Telegraphischer Bericht des Bukarester deutschen Gesandten Bussche vom 18. Oktober 1914. PA AA Bonn, Österreich 104. Bd. 13, A 2720.
Ebd.
Am B. November 1914 wurde der Briefwechsel zwischen dem Ministerpräsidenten und dem Erzbischof von Hermannstadt veröffentlicht, in dem 635Tisza noch im September, in Anerkennung der Treue der rumänischen Untertanen zum ungarischen Staat und ihrer Selbstaufopferung im Kriege, die Erweiterung der Nationalitätenrechte versprach. Die Presseprozesse wurden eingestellt, die wegen politischer Vergehen verurteilten Rumänen amnestiert, und der Gebrauch der rumänischen Nationalfahne wurde erlaubt. Während dies in Rumänien keinen besonderen Eindruck machte, verübelten es ihm die ungarischen nationalistischen Kreise jedoch sehr. In seinem Interview für Az Újság (Die Zeitung) verlangte Maniu von Tisza einen detaillierteren Vorschlag für eine institutionelle Garantie der rumänischen Nationalitätenrechte. In der Tat war die Lage der Siebenbürger Rumänen unter dem Einfluß des diplomatischen Kampfes um Rumänien verhältnismäßig günstig. Über die erwähnten Maßnahmen hinaus hütete sich die Regierung seit Ende 1914 besonders davor, die rumänische Öffentlichkeit zu reizen. Das Blatt der Nationalpartei – Românul – wurde direkt auf Wunsch der Regierung am Leben erhalten, während es seine Redakteure bereits Ende 1914 wegen der Zensur hatten einstellen wollen.

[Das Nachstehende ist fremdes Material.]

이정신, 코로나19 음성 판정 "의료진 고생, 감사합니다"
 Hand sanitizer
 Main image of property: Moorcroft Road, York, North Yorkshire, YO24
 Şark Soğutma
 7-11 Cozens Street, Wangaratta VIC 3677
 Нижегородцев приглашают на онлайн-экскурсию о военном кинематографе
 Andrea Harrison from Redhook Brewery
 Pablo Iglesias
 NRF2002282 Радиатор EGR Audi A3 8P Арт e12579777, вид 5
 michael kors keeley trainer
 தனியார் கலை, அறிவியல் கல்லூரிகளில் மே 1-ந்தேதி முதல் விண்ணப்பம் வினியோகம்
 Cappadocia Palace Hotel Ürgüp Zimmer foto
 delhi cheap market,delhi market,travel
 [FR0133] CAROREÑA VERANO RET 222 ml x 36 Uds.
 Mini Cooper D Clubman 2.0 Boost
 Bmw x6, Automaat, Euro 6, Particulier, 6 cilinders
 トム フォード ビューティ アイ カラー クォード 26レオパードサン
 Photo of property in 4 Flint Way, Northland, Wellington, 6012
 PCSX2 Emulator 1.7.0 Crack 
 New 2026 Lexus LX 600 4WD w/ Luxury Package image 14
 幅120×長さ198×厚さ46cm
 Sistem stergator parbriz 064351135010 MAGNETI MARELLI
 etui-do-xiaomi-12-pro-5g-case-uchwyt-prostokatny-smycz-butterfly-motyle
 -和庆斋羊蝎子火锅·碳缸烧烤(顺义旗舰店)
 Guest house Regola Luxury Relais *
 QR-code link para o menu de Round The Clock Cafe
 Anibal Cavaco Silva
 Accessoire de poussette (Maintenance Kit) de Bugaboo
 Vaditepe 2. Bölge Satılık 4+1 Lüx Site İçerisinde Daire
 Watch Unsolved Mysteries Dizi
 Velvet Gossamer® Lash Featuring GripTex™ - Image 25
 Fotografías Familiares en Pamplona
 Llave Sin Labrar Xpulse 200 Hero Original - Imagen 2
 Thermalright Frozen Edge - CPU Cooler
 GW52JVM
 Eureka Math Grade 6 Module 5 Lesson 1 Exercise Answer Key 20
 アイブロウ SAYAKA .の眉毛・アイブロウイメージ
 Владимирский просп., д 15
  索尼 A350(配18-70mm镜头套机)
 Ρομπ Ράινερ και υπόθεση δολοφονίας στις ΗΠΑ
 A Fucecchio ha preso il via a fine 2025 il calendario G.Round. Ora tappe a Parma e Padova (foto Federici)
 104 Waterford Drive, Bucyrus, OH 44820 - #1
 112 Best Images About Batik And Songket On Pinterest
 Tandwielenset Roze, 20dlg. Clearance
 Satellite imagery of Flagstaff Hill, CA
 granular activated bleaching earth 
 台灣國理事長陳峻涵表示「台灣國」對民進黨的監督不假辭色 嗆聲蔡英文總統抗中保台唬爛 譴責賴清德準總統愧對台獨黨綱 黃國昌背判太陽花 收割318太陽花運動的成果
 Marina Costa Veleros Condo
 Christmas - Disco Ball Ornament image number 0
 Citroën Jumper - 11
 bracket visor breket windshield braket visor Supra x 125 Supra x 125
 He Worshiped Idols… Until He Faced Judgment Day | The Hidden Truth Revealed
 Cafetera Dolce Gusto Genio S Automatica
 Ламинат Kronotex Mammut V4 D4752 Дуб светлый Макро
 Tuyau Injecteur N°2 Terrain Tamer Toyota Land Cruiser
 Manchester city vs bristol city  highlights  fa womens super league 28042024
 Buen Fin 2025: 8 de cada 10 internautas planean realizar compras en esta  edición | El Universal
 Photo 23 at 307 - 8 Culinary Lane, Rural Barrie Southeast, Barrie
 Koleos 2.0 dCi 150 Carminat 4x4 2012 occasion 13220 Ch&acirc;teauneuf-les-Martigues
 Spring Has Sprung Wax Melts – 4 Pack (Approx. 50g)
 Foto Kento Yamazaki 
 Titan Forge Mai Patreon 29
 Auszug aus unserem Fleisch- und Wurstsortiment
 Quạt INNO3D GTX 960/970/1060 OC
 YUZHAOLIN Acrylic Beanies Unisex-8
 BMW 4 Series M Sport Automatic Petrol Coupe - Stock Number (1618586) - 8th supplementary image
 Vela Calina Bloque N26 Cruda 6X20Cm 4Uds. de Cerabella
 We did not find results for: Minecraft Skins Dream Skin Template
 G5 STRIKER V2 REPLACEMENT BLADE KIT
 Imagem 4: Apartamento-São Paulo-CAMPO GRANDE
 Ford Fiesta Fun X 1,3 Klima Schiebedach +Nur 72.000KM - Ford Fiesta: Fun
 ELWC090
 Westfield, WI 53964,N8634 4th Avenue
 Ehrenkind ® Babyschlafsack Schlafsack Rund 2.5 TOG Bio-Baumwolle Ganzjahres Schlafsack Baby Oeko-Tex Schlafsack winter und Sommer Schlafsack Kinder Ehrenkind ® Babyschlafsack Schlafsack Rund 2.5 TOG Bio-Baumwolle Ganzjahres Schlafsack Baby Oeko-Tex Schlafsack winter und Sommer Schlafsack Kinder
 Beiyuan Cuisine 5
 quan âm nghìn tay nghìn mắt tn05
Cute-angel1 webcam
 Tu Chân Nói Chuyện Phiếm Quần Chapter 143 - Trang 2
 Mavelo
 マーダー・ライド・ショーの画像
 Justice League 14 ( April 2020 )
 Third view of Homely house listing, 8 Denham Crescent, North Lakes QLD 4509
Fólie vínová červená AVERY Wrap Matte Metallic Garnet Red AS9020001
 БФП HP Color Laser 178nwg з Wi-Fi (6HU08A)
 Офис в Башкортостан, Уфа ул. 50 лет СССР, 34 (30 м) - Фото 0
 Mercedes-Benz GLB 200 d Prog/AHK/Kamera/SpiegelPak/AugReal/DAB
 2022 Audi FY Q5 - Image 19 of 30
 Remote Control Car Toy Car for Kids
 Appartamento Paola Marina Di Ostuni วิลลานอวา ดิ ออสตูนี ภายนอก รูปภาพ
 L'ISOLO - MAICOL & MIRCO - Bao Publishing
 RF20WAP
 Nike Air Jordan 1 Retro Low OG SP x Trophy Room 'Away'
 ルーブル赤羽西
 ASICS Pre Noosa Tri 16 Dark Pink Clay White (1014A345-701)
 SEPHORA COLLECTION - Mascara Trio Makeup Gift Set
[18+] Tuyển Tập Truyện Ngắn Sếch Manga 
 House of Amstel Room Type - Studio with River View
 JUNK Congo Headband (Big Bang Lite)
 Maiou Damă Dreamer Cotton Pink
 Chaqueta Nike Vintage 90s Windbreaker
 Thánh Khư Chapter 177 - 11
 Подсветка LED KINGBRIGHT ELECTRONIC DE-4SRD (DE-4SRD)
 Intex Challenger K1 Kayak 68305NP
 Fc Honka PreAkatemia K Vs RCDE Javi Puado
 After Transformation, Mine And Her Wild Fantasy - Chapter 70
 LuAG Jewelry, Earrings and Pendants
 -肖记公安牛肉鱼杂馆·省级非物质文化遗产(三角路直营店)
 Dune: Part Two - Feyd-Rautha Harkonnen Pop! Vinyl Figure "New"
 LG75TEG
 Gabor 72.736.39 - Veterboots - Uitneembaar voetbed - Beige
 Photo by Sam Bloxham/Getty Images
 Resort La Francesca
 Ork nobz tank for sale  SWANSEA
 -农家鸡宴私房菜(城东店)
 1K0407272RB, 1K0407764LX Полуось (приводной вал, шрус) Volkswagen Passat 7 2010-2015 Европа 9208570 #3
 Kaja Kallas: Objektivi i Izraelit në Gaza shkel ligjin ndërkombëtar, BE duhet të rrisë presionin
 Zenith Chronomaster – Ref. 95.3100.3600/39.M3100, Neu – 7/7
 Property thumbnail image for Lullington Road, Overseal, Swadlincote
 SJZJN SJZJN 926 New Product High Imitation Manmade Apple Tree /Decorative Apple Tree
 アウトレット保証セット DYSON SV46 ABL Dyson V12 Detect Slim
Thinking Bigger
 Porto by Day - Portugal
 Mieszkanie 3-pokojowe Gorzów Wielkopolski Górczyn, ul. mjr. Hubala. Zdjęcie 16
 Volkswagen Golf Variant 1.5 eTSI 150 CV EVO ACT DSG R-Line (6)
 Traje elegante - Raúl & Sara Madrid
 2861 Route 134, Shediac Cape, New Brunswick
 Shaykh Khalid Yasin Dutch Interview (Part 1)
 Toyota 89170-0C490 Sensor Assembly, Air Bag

1915 wurde das Verhältnis zwischen den Mittelmächten und Rumänien gespannter. Der deutsche Druck blieb gleichbleibend stark, sowohl bei verschlechterter Kriegslage als auch bei Erfolgen an der Ostfront – das Kriegspotential Rumäniens wäre durchaus willkommen gewesen. Der Sonderbeauftragte Berlins, Mathias Erzberger, hielt sich im Mai und im Juni in Budapest und Wien auf, er verhandelte mit den rumänischen Führern auch bereits über eine föderative Umgestaltung der Monarchie. Davon wollte Tisza natürlich nichts wissen und reiste im Juni selbst nach Berlin, um auf all dies mit einem klaren Nein zu antworten und solchen Bestrebungen entgegenzutreten.
Die vorübergehende Verbesserung der Kriegslage und der Kriegseintritt Bulgariens erleichterten auch die Lage der ungarischen Regierung. Die rumänischen Zeitungen wurden gerügt, da sie die verschiedenen Treueerklärungen nicht kommentierten. Maniu wurde – als entschlossenster Oppositioneller – an die Front geschickt und die Kompetenz der Polizei erweitert. Im März 1916 wurde schließlich auch der Românul eingestellt.